Amy's a caterer. Occasionally she comes to see if there is anything new that she wants to grow in the well-ordered rectangle she and her husband, Sean, cultivate behind their house. That day, she was picking raspberries in the patch of canes that have migrated into my vegetable garden. Actually it's not so much a vegetable garden as a vegetable, herb, flower, and now fruit garden. That's what Sean would hate. That, and the ecumenical mix – or unholy jumble, depending on your point of view – of all those things together.

Sean prefers regimented lines of peas, beets, lettuce, peppers, and beans. His fondness for unadulterated rows has been reinforced by Amy's family, farmers who produce corn, soybeans, and wheat in the fields that surround our small town. Their work is mechanized; anything that doesn't conform to the pervasive vast blanket in a field is a weed and gets hacked beneath the blades of the cultivator. A patchwork like mine would be impossible to deal with. Besides, it's untidy.

While I understand the farmer's need to banish weeds (defined as any plant out of place, including corn plants that volunteer from last year's crop in this year's monoculture fields of wheat or soybeans), I don't consider everything that springs up unbidden to be a weed.

Compact wild camomile is welcome, a bright swatch of white daisy faces that highlight the green leaves of a San Marzano tomato or adorn the shoulder of a red cabbage like a wildflower corsage. Annual herbs that have broadcast seeds the previous fall are just as useful in the little squares they've chosen as they were in places I chose for them. Sometimes more so. The dill that appeared beside the cucumbers last year not only flavored chilled tomato soup and grilled salmon, it also served as host plant to caterpillars that morphed into several colorful species of swallowtail butterflies. The cilantro that stitched itself through the Italian bush beans made weeding them rather challenging, but turned out to be the only cilantro in the garden. What I had carefully sown didn't grow.

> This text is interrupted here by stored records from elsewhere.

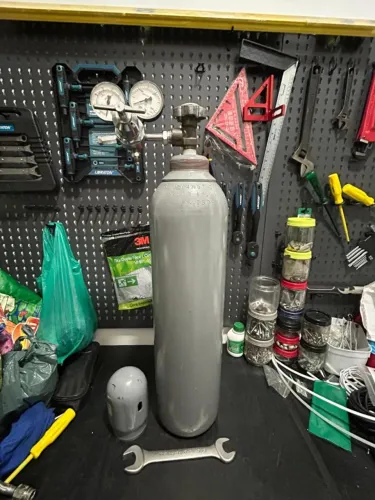Cilindro de Nitrogênio 1,5m3 10.7 L com regulador de alta pressão 2000psi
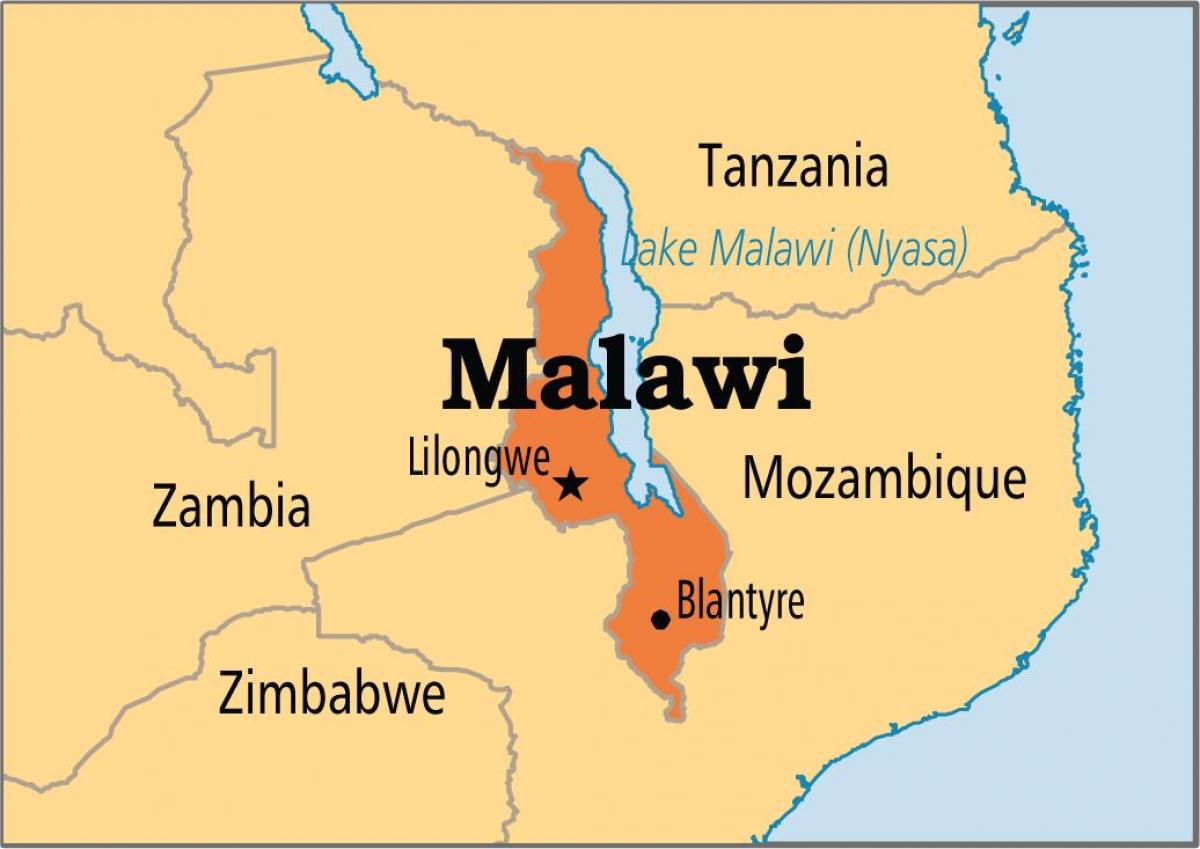 karta över lilongwe i Malawi
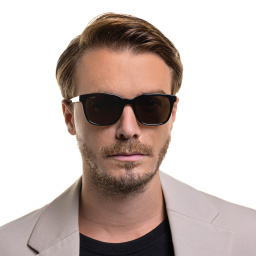 EYE'M Square Sunglasses in Havana – Product Photo 5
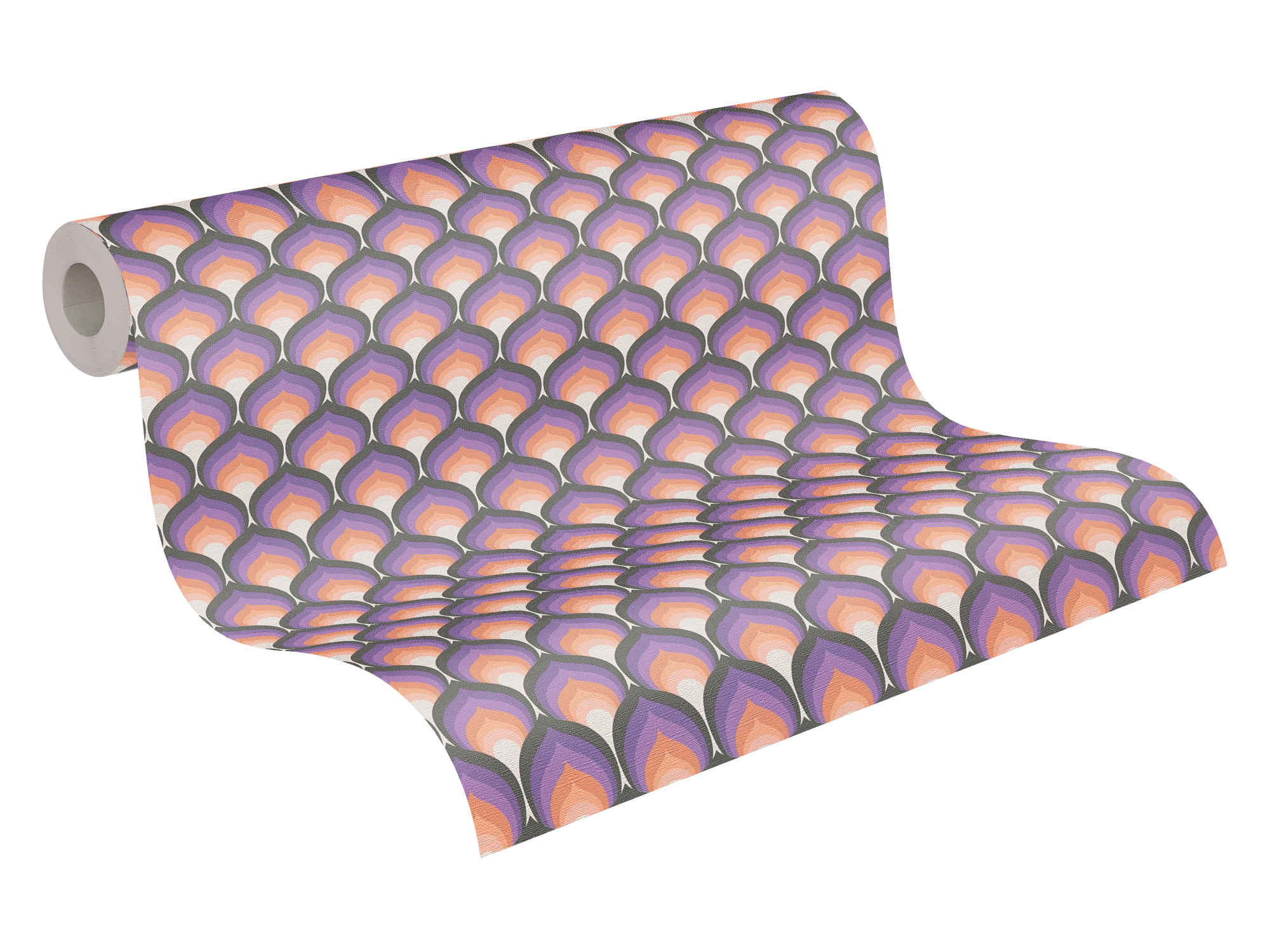 AS Creation Vliestapete Retro Chic Orange 395382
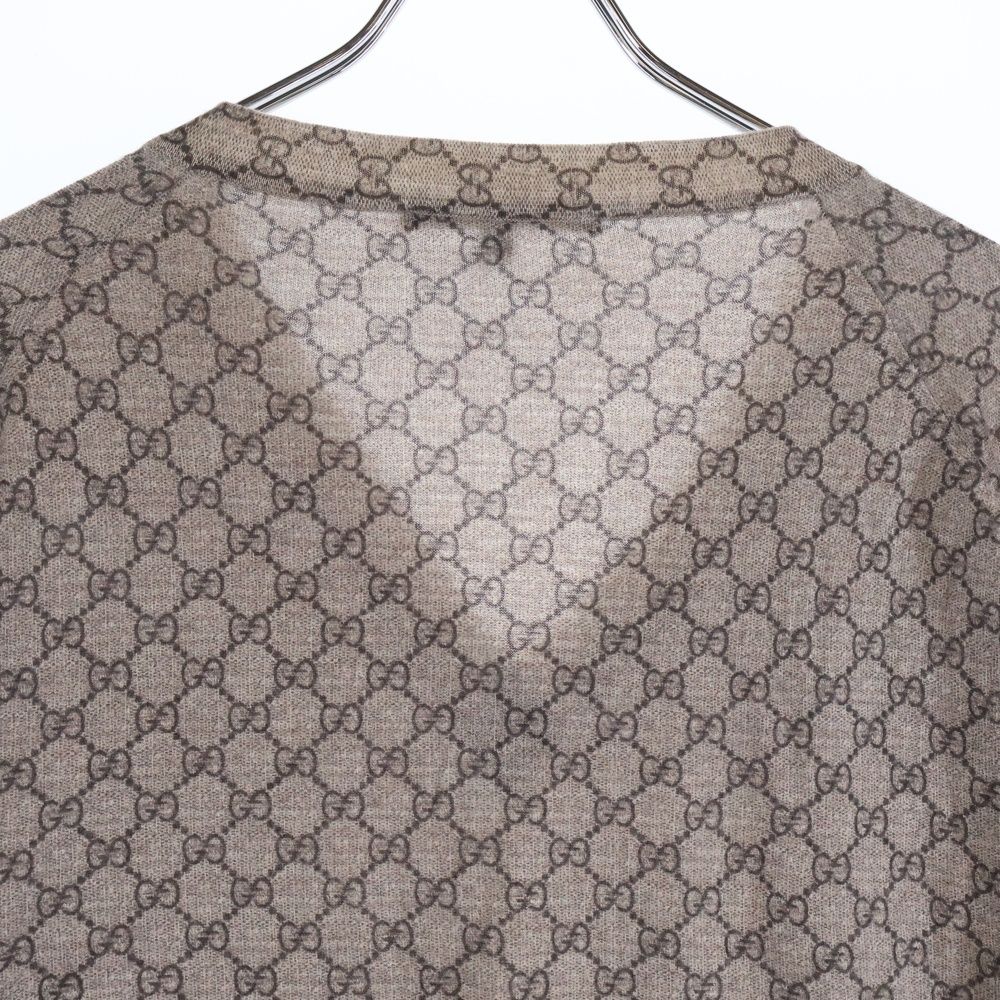 GUCCI カシミヤ Vネックセーター ベージュ GUCCI ベージュ Vネック Vネックニット Vネックニットセーター ニット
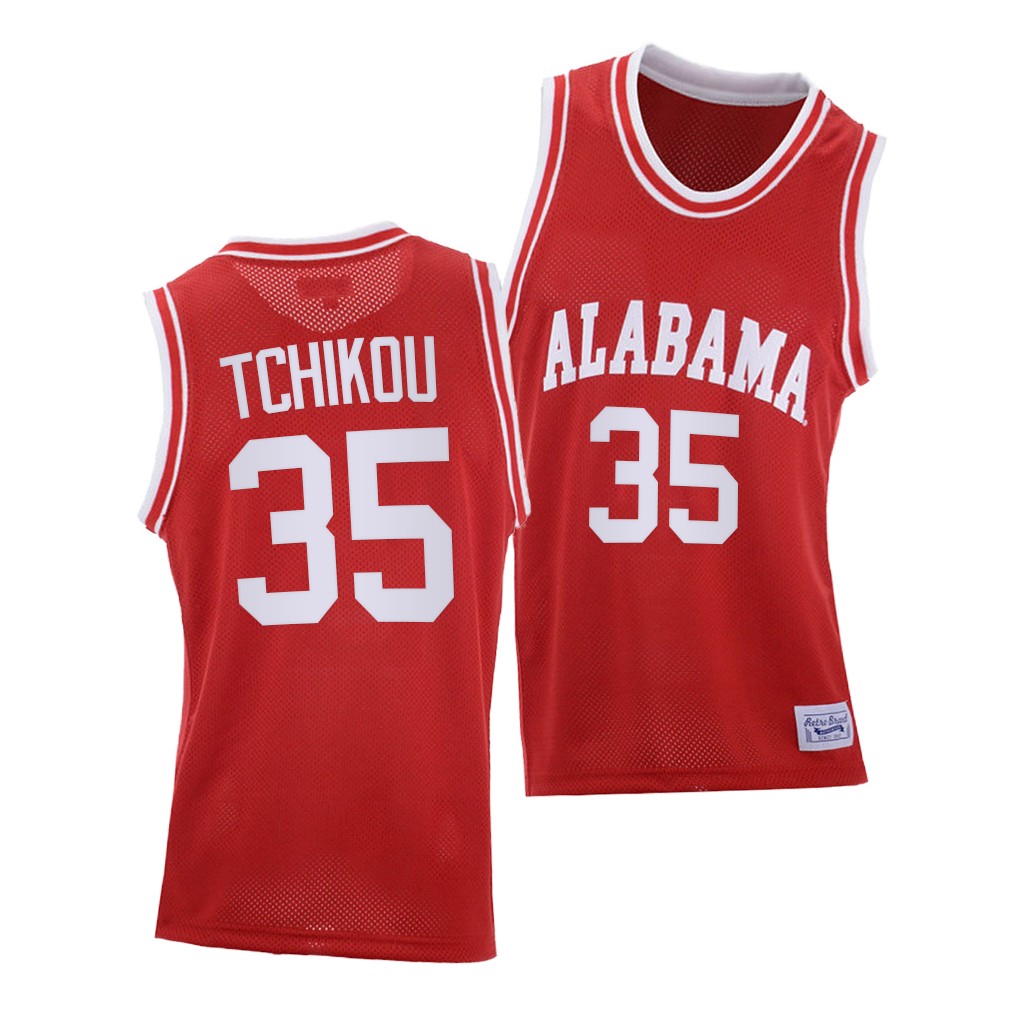 Alabama Crimson Tide Alex Tchikou Red 2021 Throwback College Jersey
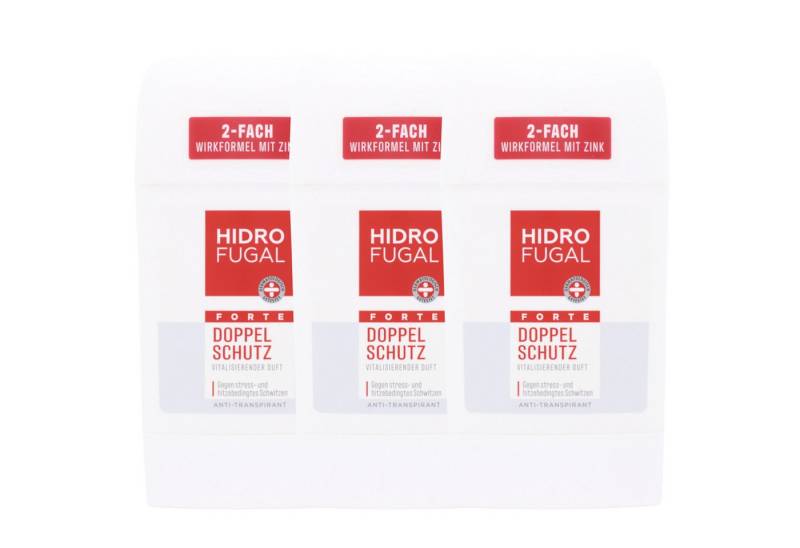 Hidrofugal Deo-Roller 3x Hidrofugal Forte Doppel Schutz Deo Stick Antitranspirant mit vitali von Hidrofugal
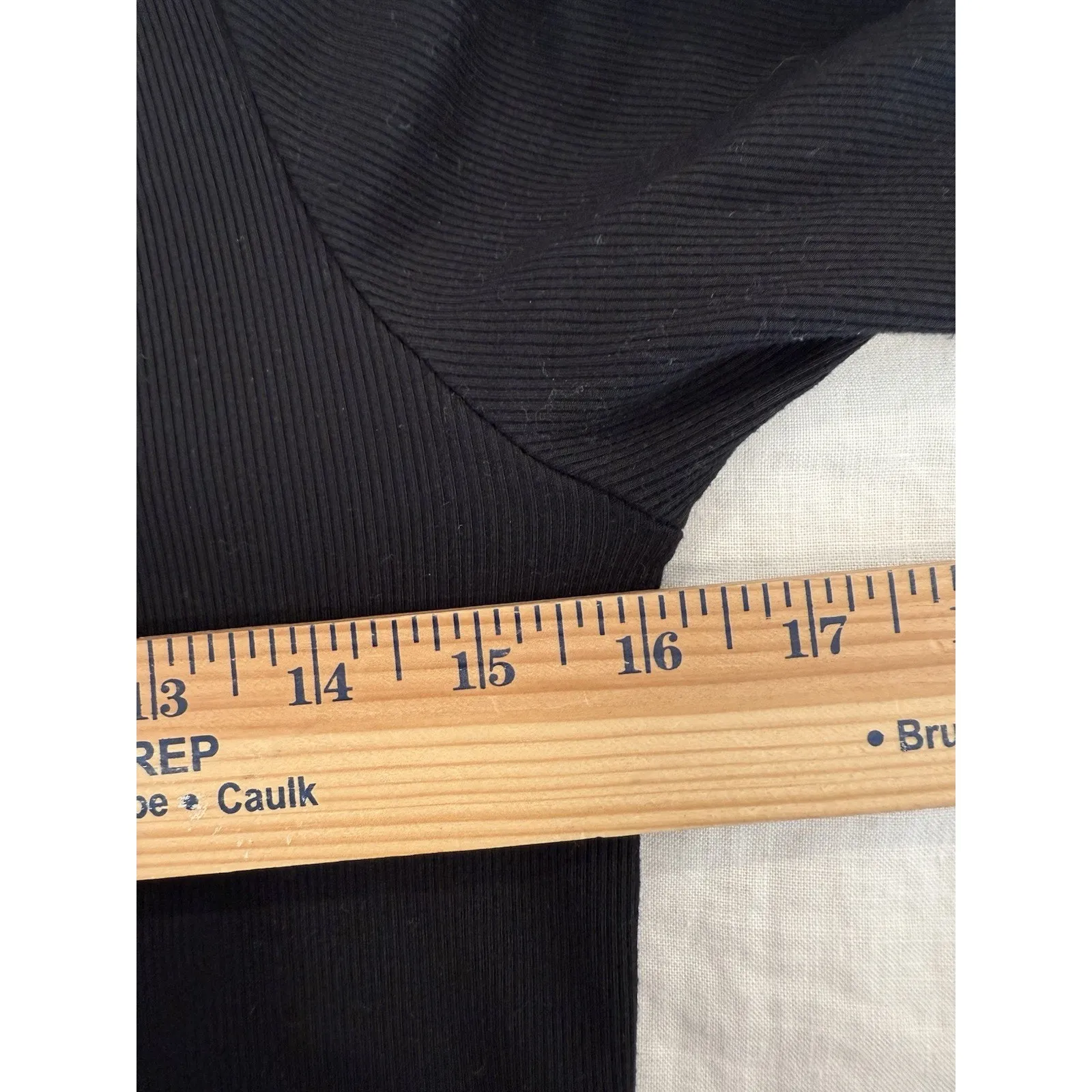 Polo Ralph Lauren Black Rib Knit Turtleneck Sweater Large Classic Minimal preppy - Image 9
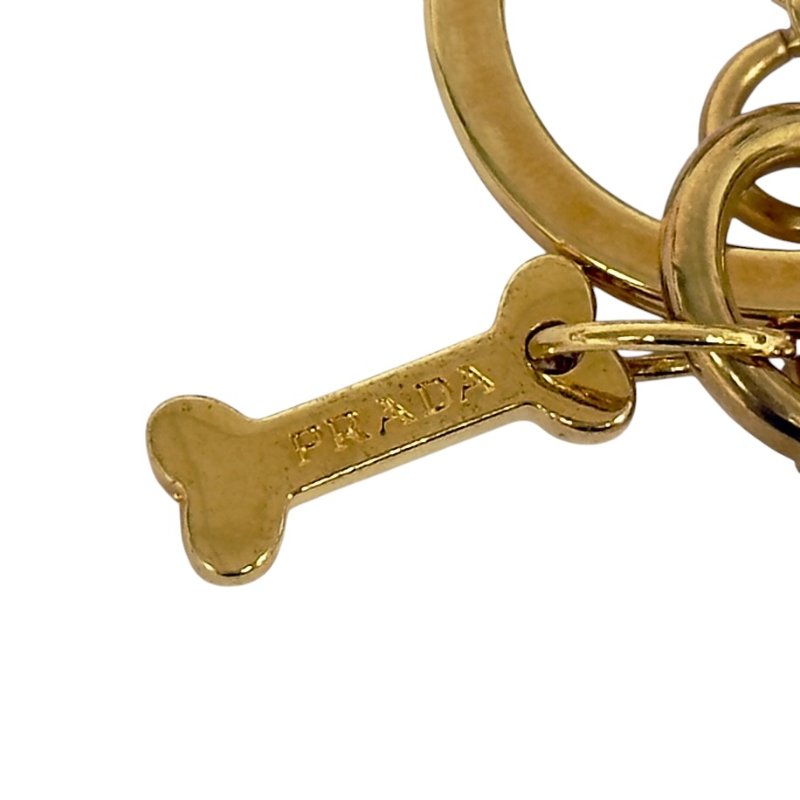 PRADA 狗狗 掛飾-6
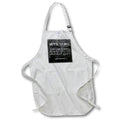 Apron - Dont Be The Same Be Better Chalk Board Handwritten Grafitti Text Typography - Motivational Quote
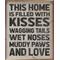 Show in main carousel: Kendrick Kisses Wagging Tails Wet Noses Muddy Paws Wall Décor, Whitewash, 32 x 40-in slide 1 of 3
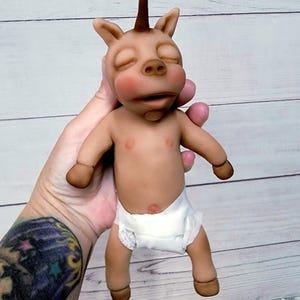 7" Realistic Silicone Baby Doll "Fantasia" - Unicorn Micro Preemie Girl ASMR Toy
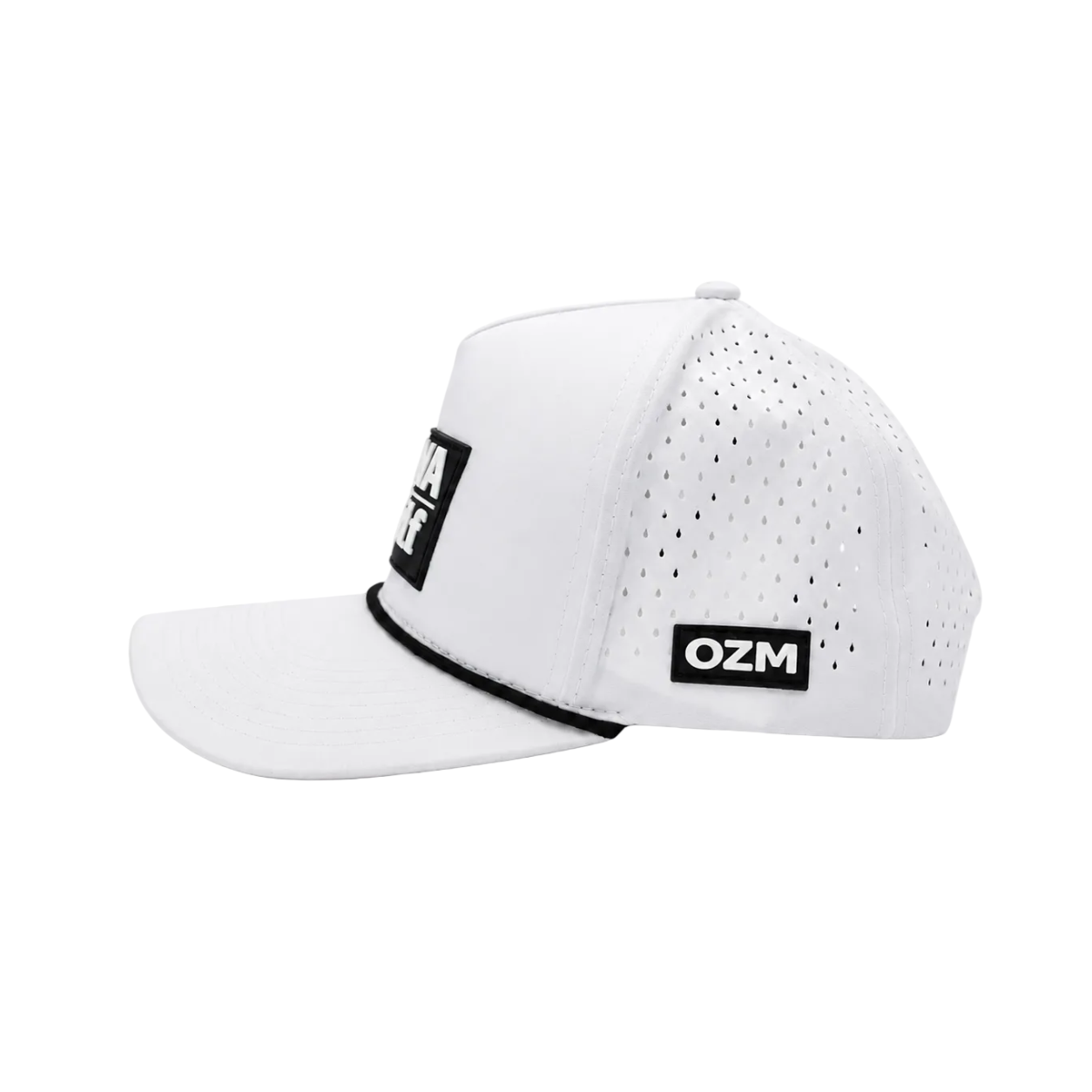 NWA Golf – Tour Patch Hat – White & Black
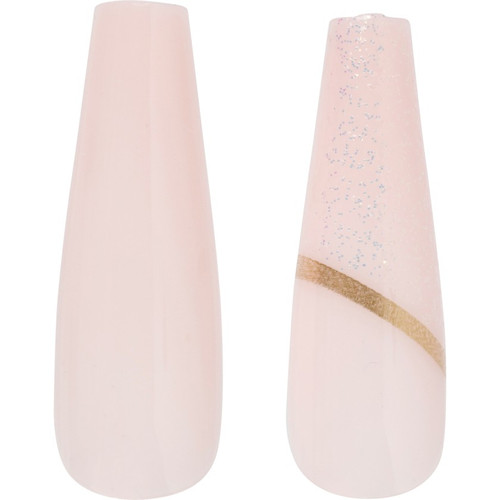 Cala LAVISH TOUCH | LONG COFFIN LIGHT PINK W/ GLITTER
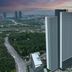 Fraser Place Antasya Istanbul skyline view over Istanbul with high-rise towers and tree-lined roads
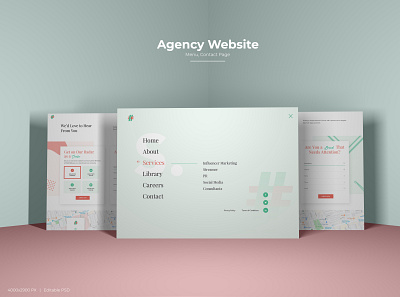 Agency Website Menu Contact Us Page agency contact page contact us menu menu design menu page portfolio site ui design ux design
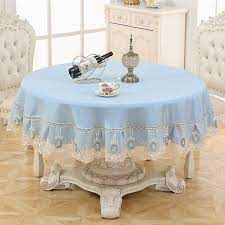 4.6 out of 5 stars. Sunsky Home Fabric Round Tablecloth Hotel Disposable Anti Scald Table Mats Size 180cm Plain Blue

The Magic Evening primroses, which spread themselves all over the vegetable garden each year, are not weeds, either. They are unplanned but much-loved additions. Each evening at twilight, they burst open a new set of luminous yellow blooms, like floral fireworks.

We go out after supper, alone or with friends, to enjoy the show. The blossoms also draw pollinators. In the evening, it's hummingbird moths, who are so intent on their mission that they sometimes graze us with gossamer wings as they dart through the flowers. In the morning, it's hummingbirds, who drink the dregs of the previous night's round of blooms. More curious than the moths, they occasionally hover at eye level, studying me as I sip my morning coffee.

Of course there are actual weeds, too: mare's-tail, lamb's-quarters, henbit, dock, bindweed. Some are edible, some are pretty, and some are the bane of my gardening life. I concentrate on the worst offenders and ignore the others.

From a farmer's perspective, my garden may be spectacularly untidy. From mine, too, actually. I like tidy, but it doesn't dovetail with my vision for this particular botanical canvas. Here, I want something more like an evolving Impressionist painting – imprecise, slightly unpredictable, and a little smudged and frayed, but richly rewarding for the effort and love involved in its making.

Straightening up with a half-filled bowl of raspberries tucked into the crook of an arm, Amy looked around the garden again.

"Sean would hate this," she repeated, grinning. "But I love it. It's whimsical. Everywhere you look, there's something different." Exactly. Each year, it's something new, a visual reminder of the amazing variety of life itself. I plan, plant, and cultivate new varieties of edibles. But each year I also wait to see what unforeseen additions nature has made to my patchwork garden.